Unfortunately, there are still misconceptions about HDR. Much of today’s HDR discussion is connected to UHD/4K. This is mostly due to the consumer television industry. If you want to buy a new TV with HDR, it will also be a 4K TV. However, HDR is independent of resolution and it applies equally to HD, 4K and 8K.

High Dynamic Range also improves High Definition video just like it does in higher resolutions. The Average Picture Level (APL) is similar to SDR. Only the peak video is brighter. HDR is more than brighter pictures. The biggest benefit is more detail in mid-tones and dark areas of the picture. This new technology is not another format war. It’s a range of HDR standards that all accomplish similar things.

One of the important HDR profiles is Hybrid Log Gamma (HLG) developed for live TV. HLG can be more compatible than PQ with modern SDR TVs. Finally, some people assume video HDR is created like still-image HDR. Still image HDR takes multiple exposures and combines them to create the best of all exposures. Video is running at a frame rate up to 60 exposures per second. There is no time to combine multiple images. Instead, video HDR uses one of several different Transfer Functions, or gamma curves.

Human Visual System

HDR is a major improvement in visible picture performance because it more closely matches what the human eye sees in real life. In a single scene without adaption, the eye can see about 12 -15 f stops with a contrast ratio of about 30,000:1 and that’s what HDR is capable of.

However, the complete range of sensitivity of the Human Visual System (HVS) is non-linear and enormous at about 24 stops or 1,000,000:1. The combination of the eye and brain allows us to see starlight to sunlight. We will never be able to produce that kind of dynamic range in TV displays.

The human visual system’s raw image from the retina is actually rather poor. It’s full-color and detailed in the center, but at the periphery the image become less detailed and monochromatic. However, the visual cortex does some very impressive processing. It’s the brain that creates a 360-degree, 3D representation of the space around us, and all in detailed color.

R.BT.2100 Technical Standard For HDR

All profiles of HDR conform to this International Telecommunication Union (ITU) recommended standard. The HDR recommendation is not specific to any resolution or HDR profile. This recommendation specifies HDR video image parameters for use in production and international program exchange using the Perceptual Quantization (PQ) and Hybrid Log-Gamma (HLG) methods.

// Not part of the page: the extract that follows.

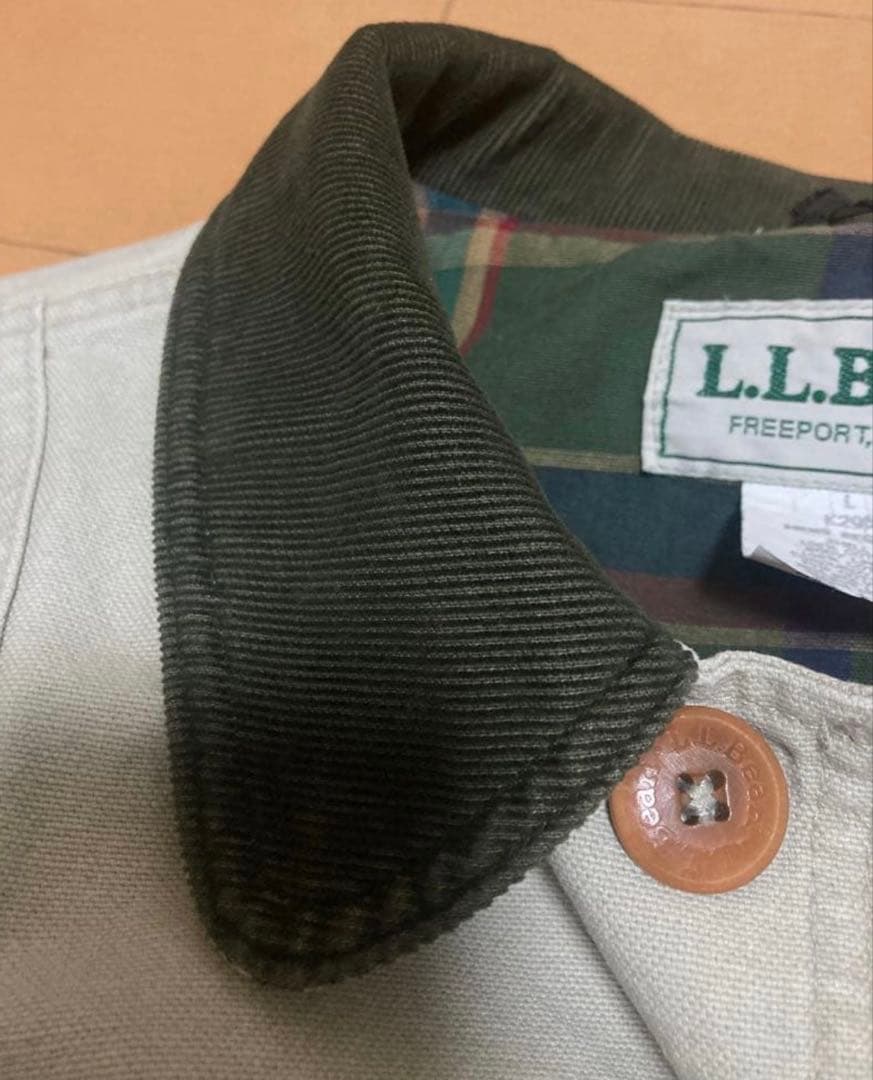 【USA製80s】L.L.Bean【名作】フィールドコート　Lサイズ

The preface of the ITU R.BT.2100 standard document is well-written. It says: “HDR provides substantially increased [peak] display brightness offering detail in highlights and reflecting objects, it also provides greater detail in dark areas. The HDR image formats should have, where appropriate, a degree of compatibility with existing workflows and infrastructure. Modern displays are capable of reproducing images at a higher luminance, greater contrast ratio and wider color gamut than is conventionally employed in program production.” It refers to the limited performance of the camera and display technology based on an 85-year-old standard for CRT brightness. Today’s SDR TVs and monitors can do much more. In an industry that has moved so quickly in some other areas, it’s a surprise that this old and obsolete specification is still our video production standard. 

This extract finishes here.